Munculnya dua tokoh dengan latar belakang militer saat ini rupa-rupanya bukanlah suatu kebetulan. Keinginan publik akan pemerintahan yang efektif dirasakan tidak terpenuhi secara memuaskan oleh pemerintahan Presiden Megawati, meskipun hal ini dapat dijelaskan dengan berbagai sebab. Kalau diajukan tiga macam masalah nasional sebagai test question untuk kinerja pemerintahan sekarang dan masa mendatang, dapatlah disebutkan bahwa ketiga masalah itu adalah pemberantasan korupsi-kolusi-nepotisme (KKN) dalam birokrasi pemerintahan, penyelesaian krisis ekonomi Indonesia, dan konflik-konflik di daerah.

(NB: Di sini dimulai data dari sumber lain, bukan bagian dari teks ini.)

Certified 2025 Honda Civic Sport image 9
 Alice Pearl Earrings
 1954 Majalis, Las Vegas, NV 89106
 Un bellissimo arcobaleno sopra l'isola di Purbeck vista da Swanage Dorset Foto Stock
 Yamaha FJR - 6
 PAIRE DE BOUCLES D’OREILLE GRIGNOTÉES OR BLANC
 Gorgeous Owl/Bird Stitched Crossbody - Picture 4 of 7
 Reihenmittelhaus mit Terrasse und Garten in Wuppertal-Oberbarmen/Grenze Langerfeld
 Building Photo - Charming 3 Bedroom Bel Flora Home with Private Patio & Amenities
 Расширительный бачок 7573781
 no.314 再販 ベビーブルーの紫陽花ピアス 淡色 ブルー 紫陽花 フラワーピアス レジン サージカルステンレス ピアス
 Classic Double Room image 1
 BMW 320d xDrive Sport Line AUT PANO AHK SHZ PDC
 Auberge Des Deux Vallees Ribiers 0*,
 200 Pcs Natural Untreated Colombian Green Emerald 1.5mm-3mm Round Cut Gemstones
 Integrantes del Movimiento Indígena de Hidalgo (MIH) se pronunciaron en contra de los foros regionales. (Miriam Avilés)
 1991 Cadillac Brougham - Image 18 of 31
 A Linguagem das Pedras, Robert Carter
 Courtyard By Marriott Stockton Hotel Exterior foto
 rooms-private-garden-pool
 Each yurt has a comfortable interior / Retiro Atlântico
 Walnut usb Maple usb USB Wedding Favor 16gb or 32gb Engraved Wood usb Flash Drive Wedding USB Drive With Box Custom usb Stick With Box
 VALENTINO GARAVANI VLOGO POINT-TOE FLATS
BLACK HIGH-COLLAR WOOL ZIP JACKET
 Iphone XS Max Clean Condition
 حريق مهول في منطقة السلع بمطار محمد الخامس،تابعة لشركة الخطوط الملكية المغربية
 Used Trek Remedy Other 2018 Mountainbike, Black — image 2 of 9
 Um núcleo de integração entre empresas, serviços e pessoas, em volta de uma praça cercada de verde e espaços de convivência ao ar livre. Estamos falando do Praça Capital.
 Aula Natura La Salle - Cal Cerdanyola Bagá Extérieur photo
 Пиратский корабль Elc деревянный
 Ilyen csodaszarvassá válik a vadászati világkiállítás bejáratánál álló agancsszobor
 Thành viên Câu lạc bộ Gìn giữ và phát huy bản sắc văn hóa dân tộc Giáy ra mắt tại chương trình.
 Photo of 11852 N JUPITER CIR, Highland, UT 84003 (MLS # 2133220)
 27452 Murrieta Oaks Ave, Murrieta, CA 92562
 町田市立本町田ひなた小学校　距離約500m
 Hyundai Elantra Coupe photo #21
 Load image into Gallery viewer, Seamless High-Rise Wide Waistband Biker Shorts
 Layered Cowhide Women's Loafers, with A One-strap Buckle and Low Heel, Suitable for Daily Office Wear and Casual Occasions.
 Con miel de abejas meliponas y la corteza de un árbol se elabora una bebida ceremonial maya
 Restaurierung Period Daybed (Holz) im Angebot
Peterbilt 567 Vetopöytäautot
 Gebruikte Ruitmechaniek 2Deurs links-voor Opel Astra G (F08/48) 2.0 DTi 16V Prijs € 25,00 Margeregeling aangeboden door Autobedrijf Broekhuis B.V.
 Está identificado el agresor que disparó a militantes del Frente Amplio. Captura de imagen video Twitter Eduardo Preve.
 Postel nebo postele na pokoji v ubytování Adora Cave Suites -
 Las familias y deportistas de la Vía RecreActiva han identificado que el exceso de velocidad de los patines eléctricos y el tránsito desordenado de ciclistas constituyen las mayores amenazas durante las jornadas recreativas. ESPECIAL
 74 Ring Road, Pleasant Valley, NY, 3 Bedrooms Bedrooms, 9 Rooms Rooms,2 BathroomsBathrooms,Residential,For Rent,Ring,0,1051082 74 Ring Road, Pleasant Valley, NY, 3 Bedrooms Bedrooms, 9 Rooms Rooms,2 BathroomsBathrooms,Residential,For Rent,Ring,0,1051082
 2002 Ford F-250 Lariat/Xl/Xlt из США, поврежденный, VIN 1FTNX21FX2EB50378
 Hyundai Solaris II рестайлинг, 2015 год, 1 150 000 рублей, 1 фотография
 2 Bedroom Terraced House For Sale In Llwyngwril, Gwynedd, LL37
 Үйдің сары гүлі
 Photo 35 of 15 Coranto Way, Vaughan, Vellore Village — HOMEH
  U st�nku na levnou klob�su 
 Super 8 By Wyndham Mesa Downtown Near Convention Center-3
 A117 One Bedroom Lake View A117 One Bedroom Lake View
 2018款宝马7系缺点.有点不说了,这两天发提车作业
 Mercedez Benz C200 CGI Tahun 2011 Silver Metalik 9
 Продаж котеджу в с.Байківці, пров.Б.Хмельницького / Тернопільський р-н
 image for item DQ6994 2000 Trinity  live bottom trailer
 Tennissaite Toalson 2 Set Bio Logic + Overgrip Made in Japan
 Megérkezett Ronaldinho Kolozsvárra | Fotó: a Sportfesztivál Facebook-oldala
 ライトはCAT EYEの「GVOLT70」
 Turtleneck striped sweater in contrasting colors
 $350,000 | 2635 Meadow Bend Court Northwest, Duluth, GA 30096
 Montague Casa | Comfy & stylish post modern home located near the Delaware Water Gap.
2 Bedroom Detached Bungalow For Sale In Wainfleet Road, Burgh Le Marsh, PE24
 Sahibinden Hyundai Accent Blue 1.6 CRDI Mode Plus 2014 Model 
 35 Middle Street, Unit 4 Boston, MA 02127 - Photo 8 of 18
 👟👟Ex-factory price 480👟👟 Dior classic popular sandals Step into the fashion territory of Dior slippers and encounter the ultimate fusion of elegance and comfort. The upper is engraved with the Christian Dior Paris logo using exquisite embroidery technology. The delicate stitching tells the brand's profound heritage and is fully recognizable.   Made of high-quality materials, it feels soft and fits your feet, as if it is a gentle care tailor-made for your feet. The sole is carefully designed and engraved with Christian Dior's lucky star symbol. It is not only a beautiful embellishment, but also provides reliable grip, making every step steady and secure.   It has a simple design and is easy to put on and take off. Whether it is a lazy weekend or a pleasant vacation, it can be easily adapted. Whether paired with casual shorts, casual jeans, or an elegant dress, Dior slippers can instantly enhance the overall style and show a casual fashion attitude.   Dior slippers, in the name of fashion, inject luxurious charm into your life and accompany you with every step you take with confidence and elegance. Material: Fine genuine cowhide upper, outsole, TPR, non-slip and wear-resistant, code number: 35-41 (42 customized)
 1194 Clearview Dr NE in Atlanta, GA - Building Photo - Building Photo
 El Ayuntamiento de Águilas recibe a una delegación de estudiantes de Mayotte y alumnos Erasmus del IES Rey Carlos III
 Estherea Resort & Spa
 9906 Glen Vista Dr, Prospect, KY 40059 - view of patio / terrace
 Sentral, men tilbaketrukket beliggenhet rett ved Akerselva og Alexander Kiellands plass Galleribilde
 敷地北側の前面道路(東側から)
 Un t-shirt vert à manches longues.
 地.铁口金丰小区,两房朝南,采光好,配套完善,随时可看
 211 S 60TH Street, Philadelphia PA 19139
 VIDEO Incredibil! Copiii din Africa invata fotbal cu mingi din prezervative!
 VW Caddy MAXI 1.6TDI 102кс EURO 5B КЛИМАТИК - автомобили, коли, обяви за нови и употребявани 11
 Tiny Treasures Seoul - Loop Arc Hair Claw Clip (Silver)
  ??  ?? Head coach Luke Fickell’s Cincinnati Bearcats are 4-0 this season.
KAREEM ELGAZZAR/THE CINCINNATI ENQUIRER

Selama masa pemerintahan Megawati, konflik Ambon diandaikan relatif terselesaikan dengan perdamaian Malino I, sementara Malino II belum sanggup membereskan konflik Poso secara tuntas. Namun darurat militer di Aceh masih juga tetap berjalan dan tak dapat tidak mengingatkan orang akan daerah operasi militer (DOM) yang diberlakukan oleh pemerintahan Soeharto di provinsi tersebut. KKN rupanya tidak teratasi sama sekali dan berjalan dengan cara yang semakin terbuka dengan angka-angka penyelewengan uang yang semakin astronomis. Nilai rupiah menjadi lebih stabil terhadap dolar, tapi harga-harga kebutuhan pokok tidak menjadi lebih murah.
Tidaklah mengherankan kalau Wiranto berkata dalam acara konvensi Partai Golkar bahwa yang dibutuhkan sekarang adalah strong leader atau pemimpin yang kuat. Istilah itu jelas merujuk pada preferensi untuk mengembalikan suatu pemerintahan yang efektif, yang memang amat dibutuhkan saat ini, khususnya menghadapi ketiga masalah nasional yang sudah dikemukakan di atas. Pemberantasan KKN dalam birokrasi membutuhkan seorang pemimpin yang kuat, dengan komitmen yang tak tergoyahkan pada pemerintahan bersih, disertai keberanian untuk menghadapi musuh politik yang semakin banyak kalau impunitas terhadap para koruptor kakap dihapus secara radikal. Isu pemimpin yang kuat ini menjadi menarik untuk kalangan politik karena pemerintah Presiden Megawati dianggap tidak terlalu efektif dan kekurangan sense of crisis dalam menghadapi beberapa keadaan gawat, seperti pengeboman, penggusuran rumah penduduk, wabah demam berdarah, atau masalah banjir di Jakarta.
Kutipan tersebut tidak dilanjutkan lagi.